Adjuncts at St. Louis Community College are paid an average of $712 per credit hour and are limited to nine credit hours per semester and six in the summer.
Gelfand thinks the state should be looking for ways to increase revenue rather than cutting funding for higher education.
“I think that it’s unfortunate that social services are always the first thing to go. Education is really a social service – like firemen and police, we’re all civil service employees. Without education, you don’t have taxpayers that are paying the taxes you need to maintain your standard of living. I don’t think they should be cutting at all. I think they should be looking at ways to raise revenue.”
Money spent on higher education returns many times over in benefits in purchasing power and investment, Gelfand said, “because we have an educated populace. It also gives people more access to the workforce and to jobs.”
DAMAGING TO ECONOMY
Gabe Harper, an adjunct political science and American government instructor at St. Charles Community College since 2007, said the cuts are going to be damaging in general to education in Missouri and will make negotiating higher wages and better benefits for adjuncts more complicated.
“It absolutely makes it tricky when you’re trying to negotiate higher wages and better benefits,” Harper said.

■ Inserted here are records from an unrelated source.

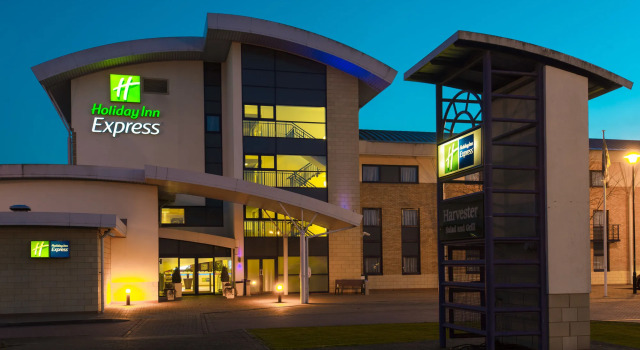 Holiday Inn Express Northampton, Rezervasyon Otel Merseyside otoparklı oteller, Otopark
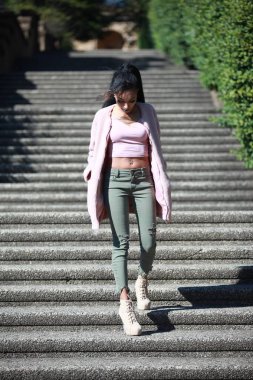 Güzel erkek basamaklardan iniyor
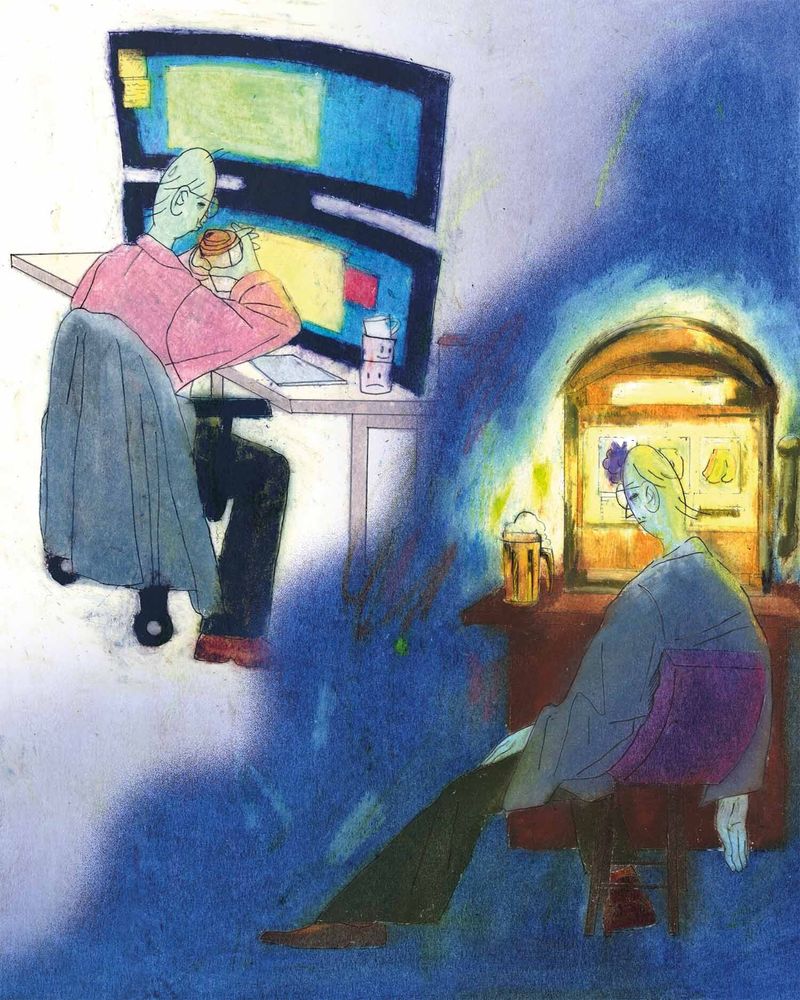 Ein Mann sitzt mit vielen Kaffeebechern am Tag vor einem Computer und nachts mit einem Bier vor einem Spielautomaten.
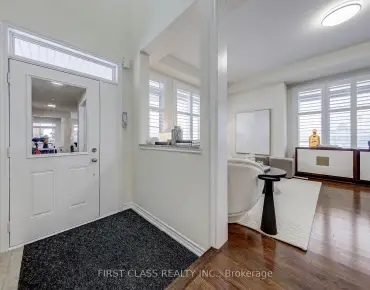 2 James Parrott Ave <a href='https://luckyalan.com/community.php?community=Markham:Wismer'>Wismer, Markham</a> 4 beds 4 baths 1 garage $1.36M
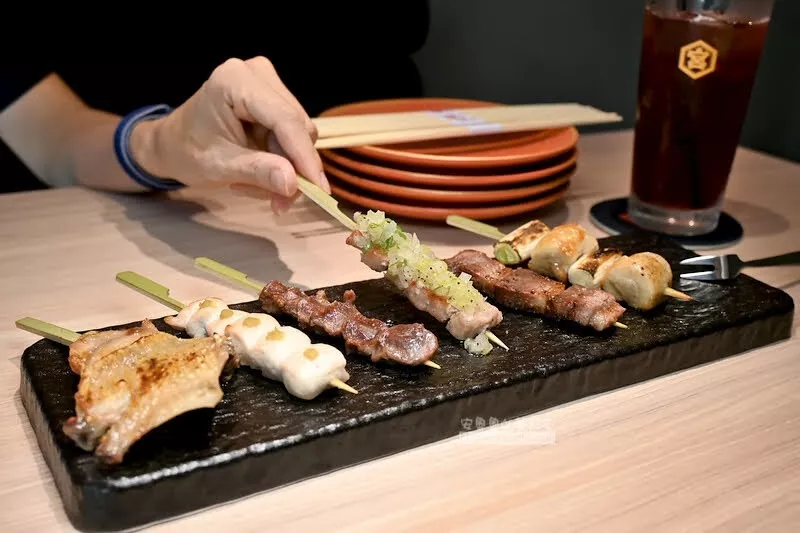 大安區串燒居酒屋,日式精緻居酒屋料理,炭香味地雞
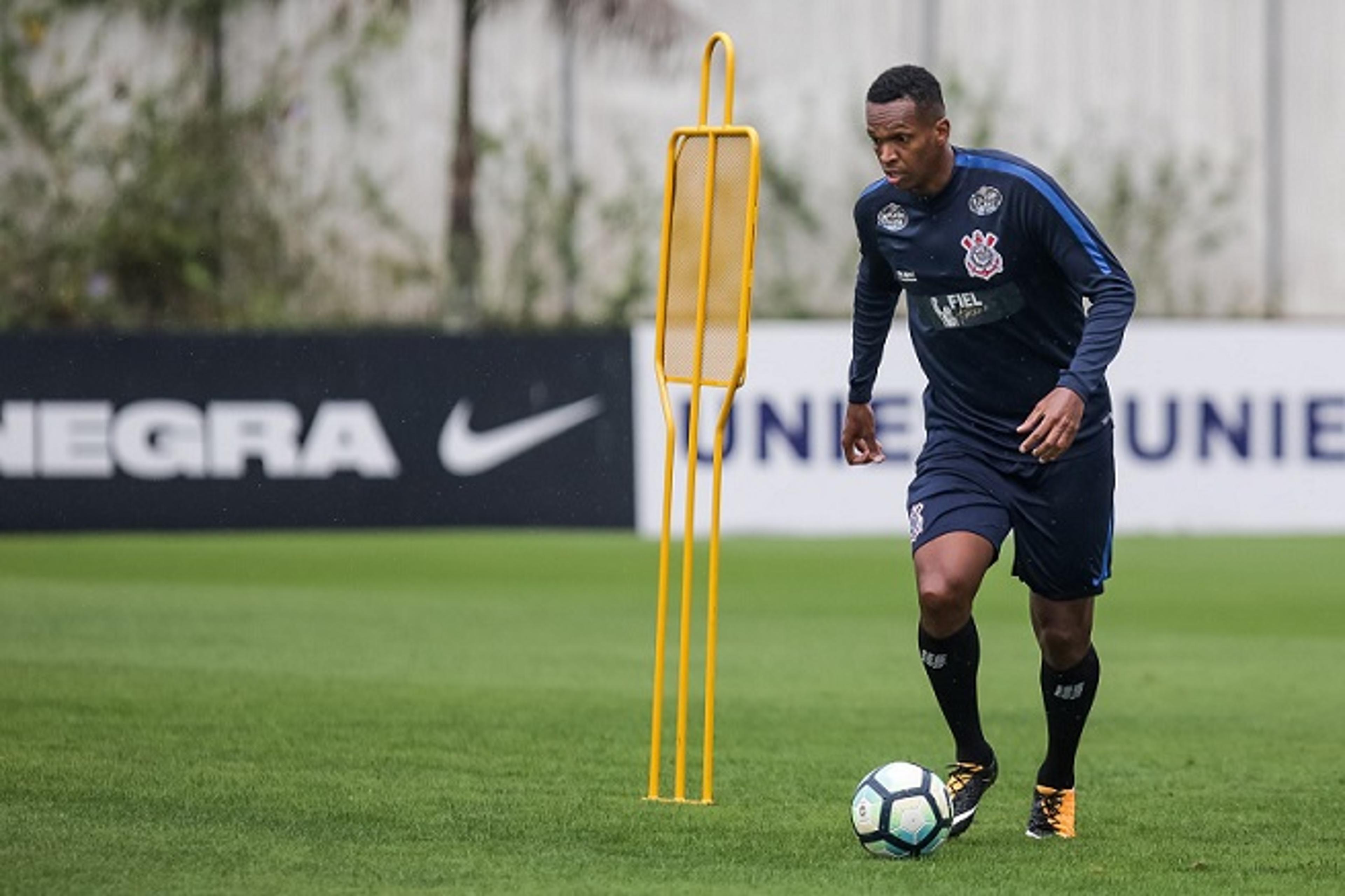 Com Jô de volta, Corinthians inicia preparação para possível jogo da taça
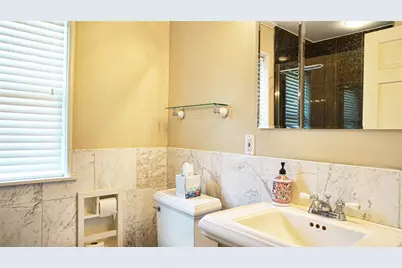 2047 McClendon Street, Houston, TX 77030 - Photo 11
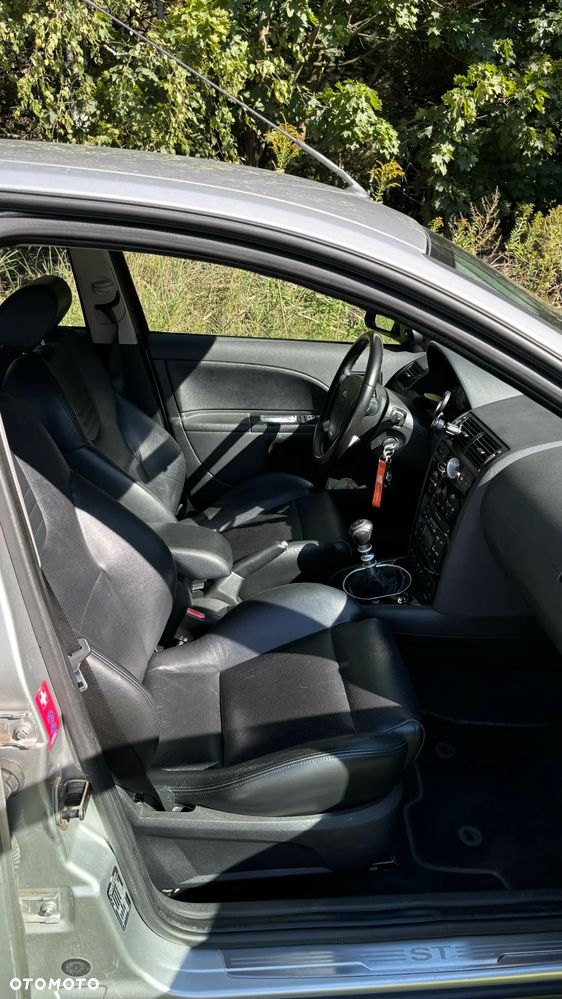 Ford Mondeo 3.0 V6 ST 220 - 14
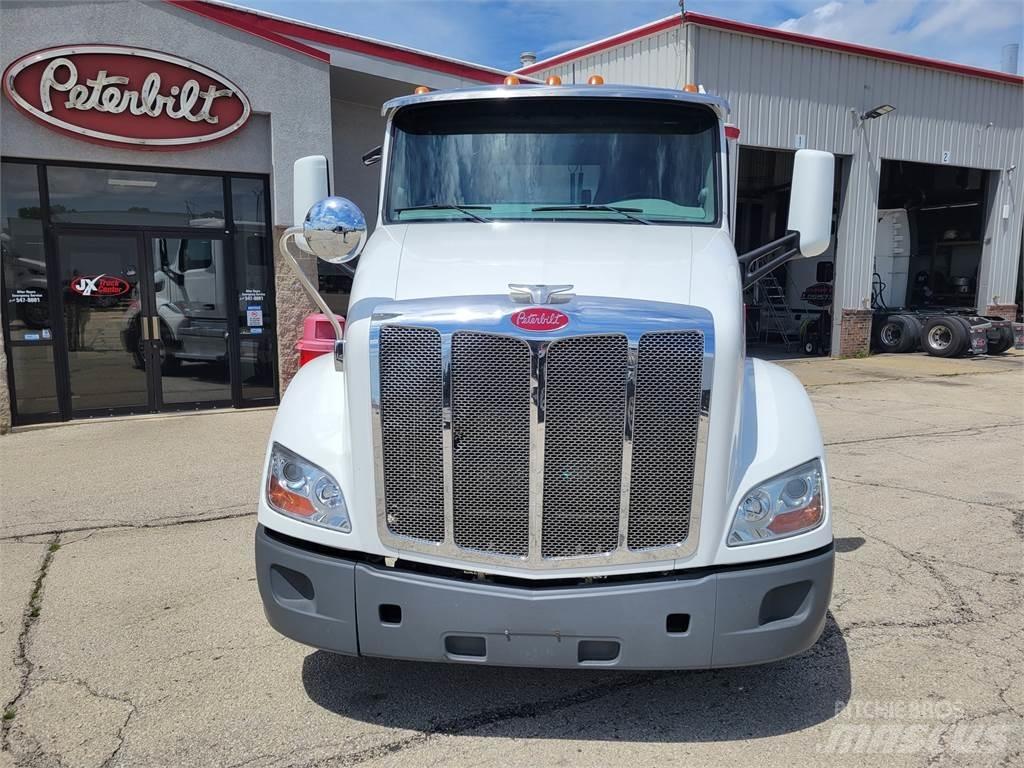 Peterbilt 579 Vetopöytäautot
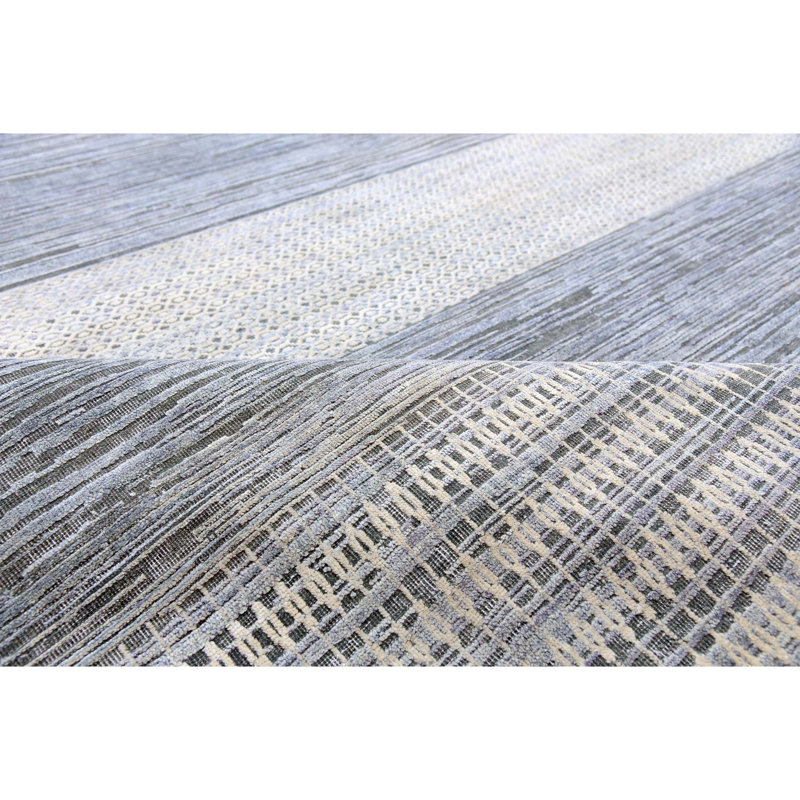 Area Rug in Grey, Rectangle 8' x 10'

Adjuncts at St. Charles Community College are paid an average of $834 per credit hour, or $2,500 for every three-credit hour class. Adjuncts are limited to one to three classes per semester, but don’t always know from one semester to the next how many classes they’ll have.
In addition to complicating negotiations, Harper says the cuts will hurt the state economically because money spent on higher education is returned in increased earnings and spending in the state and local economy.
“It also helps attract businesses to the state of Missouri because they’re looking for an educated working population,” Harper said. “The more educated workers we have in Missouri, the better chance we have of attracting outside businesses.
“Education is one of the core things the state does that impacts business and economic growth,” Harper said. “Cuts in higher education are going to hurt Missouri’s economy.”